# TRY IT:
Please copy, word for word, the line holding "Mercedes-Benz S-Class 2017 — photo 10" and each line that follows it through the end of the entries, omitting any pictures.
+-------+
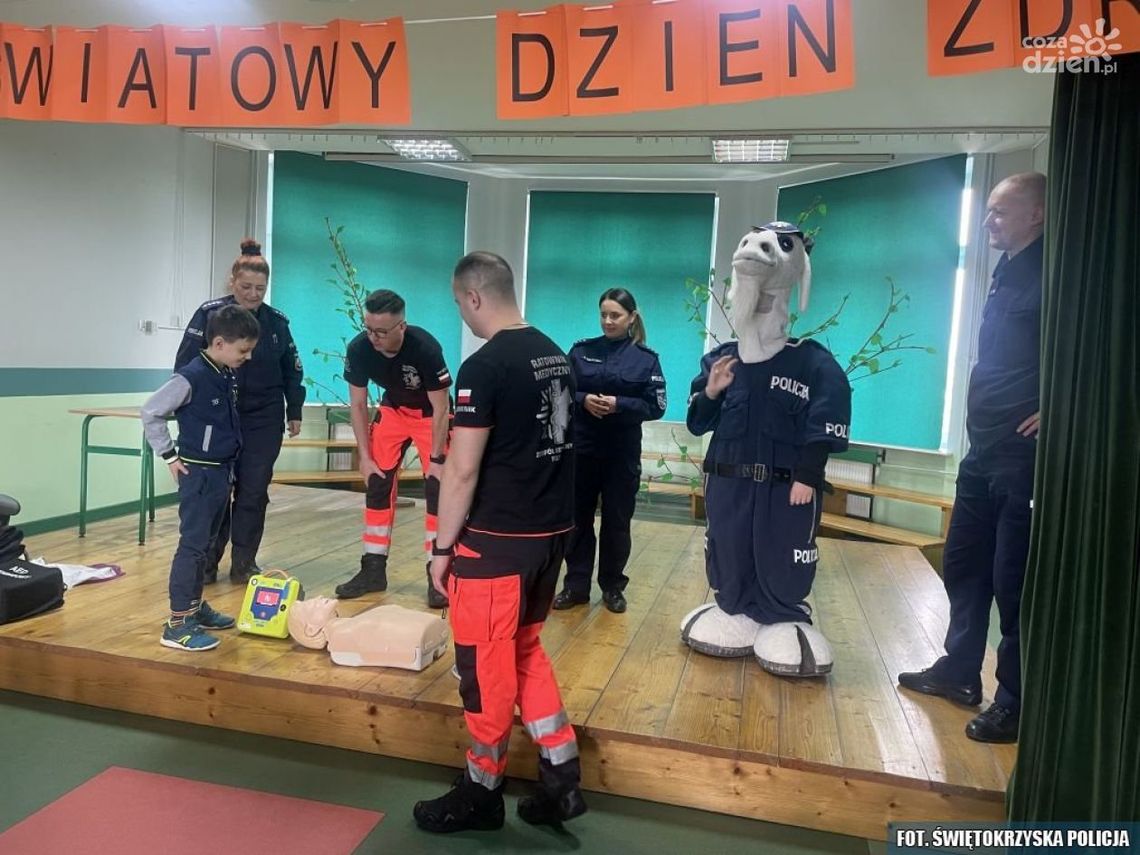 Uczniowie z Daleszyc uczyli się pierwszej pomocy Uczniowie z Daleszyc uczyli się pierwszej pomocy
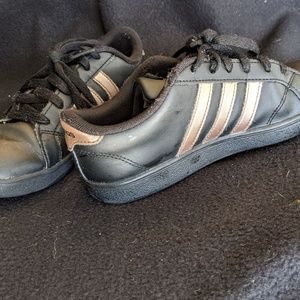 adidas Kids' Baseline Sneaker Size 3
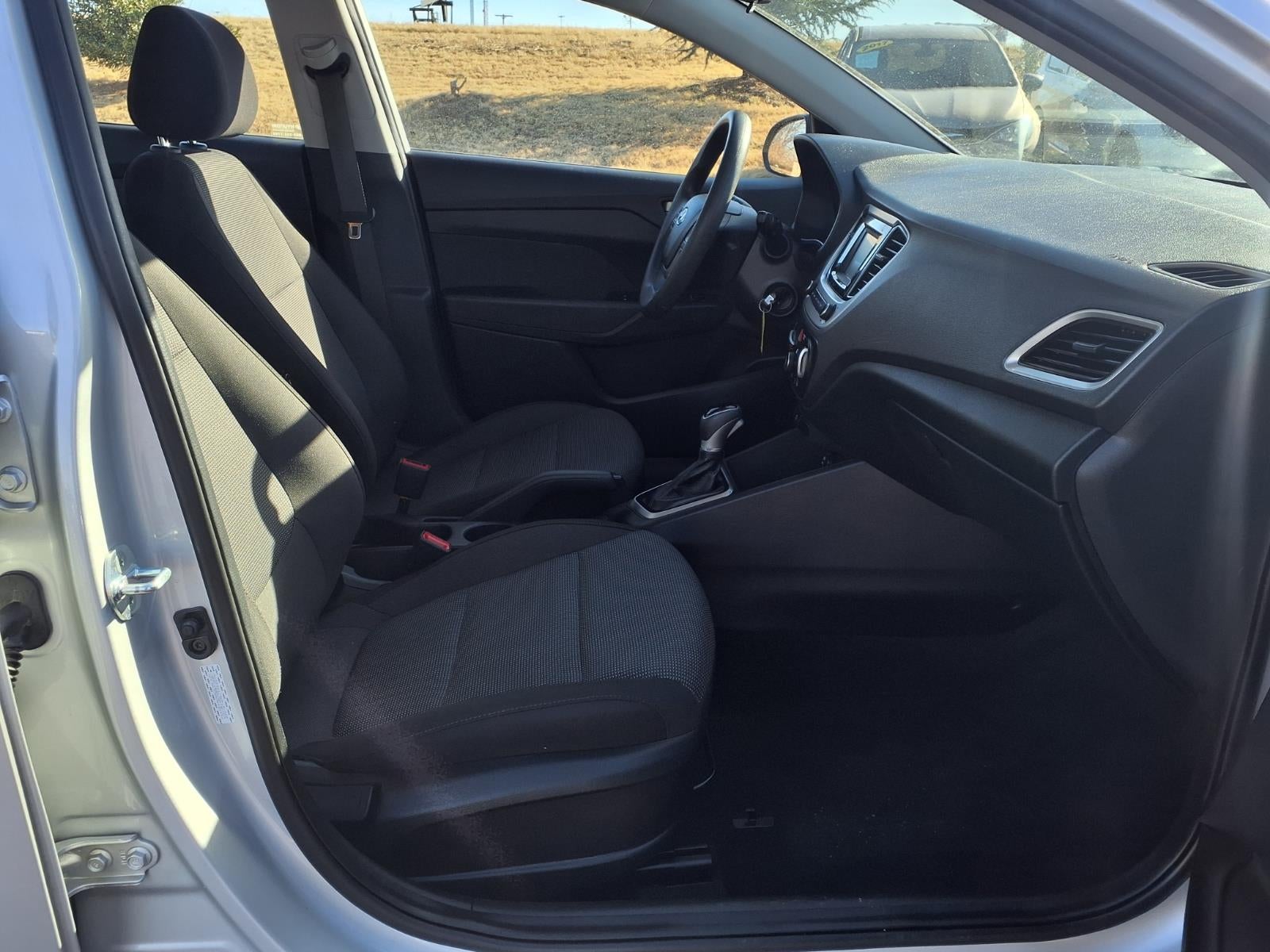 2022 Hyundai ACCENT SE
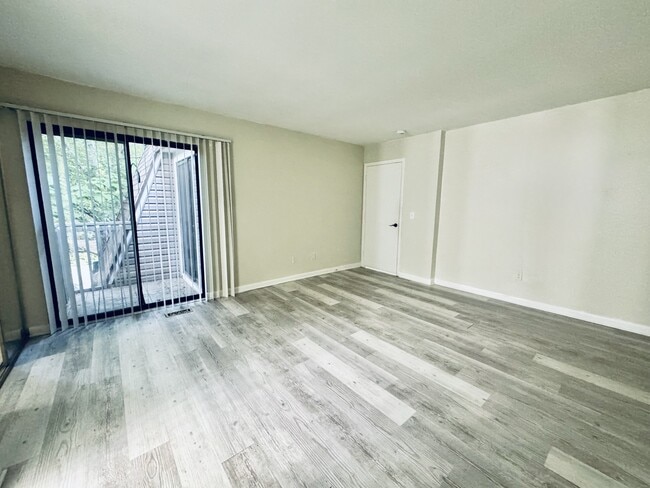 Building Photo - 202 Finley Forest Dr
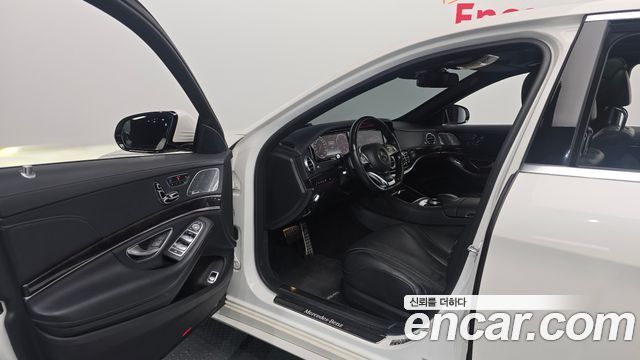 Mercedes-Benz S-Class 2017 — photo 10
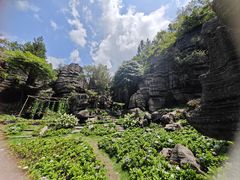 -梭布垭石林景区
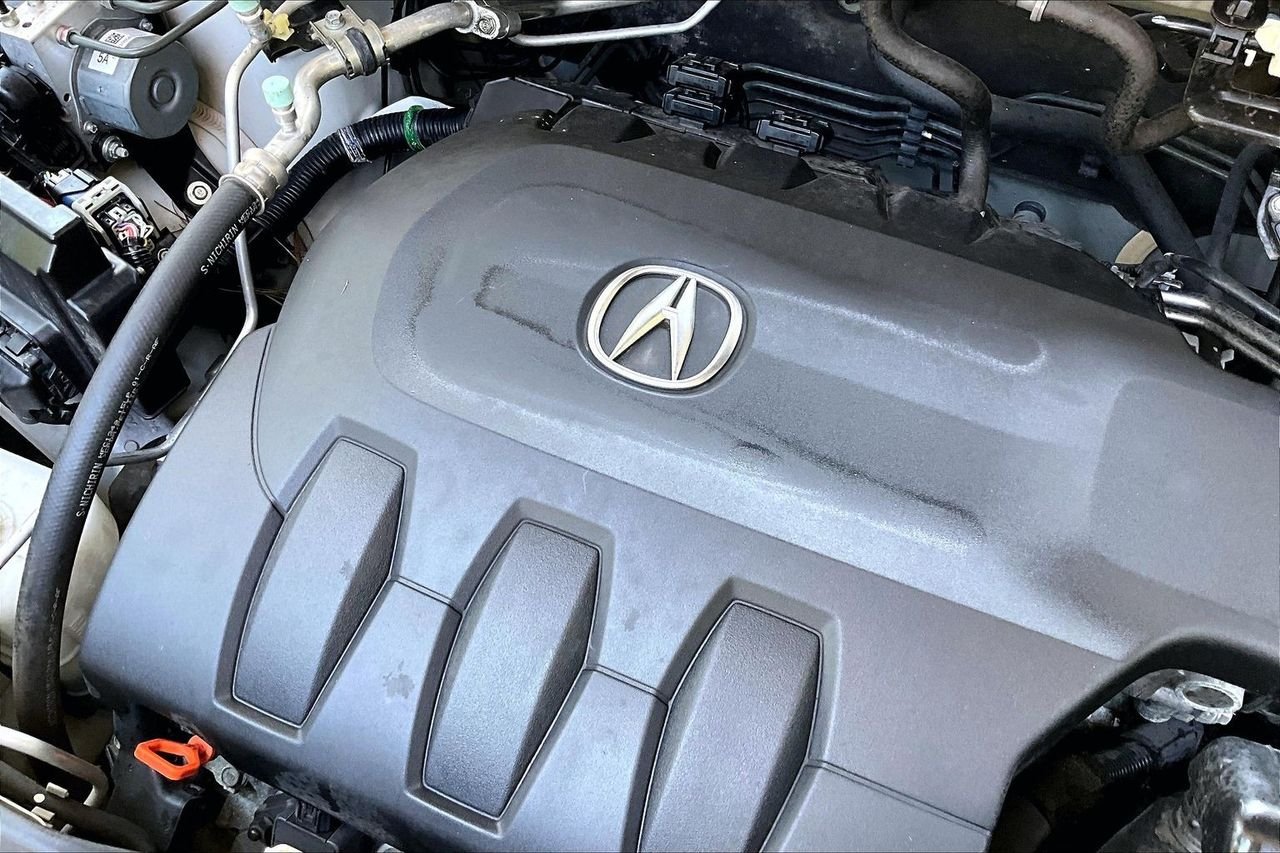 Used 2015  Acura Base image 31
+-------+
# COMPLETED TASK:
 Mercedes-Benz S-Class 2017 — photo 10
 -梭布垭石林景区
 Used 2015  Acura Base image 31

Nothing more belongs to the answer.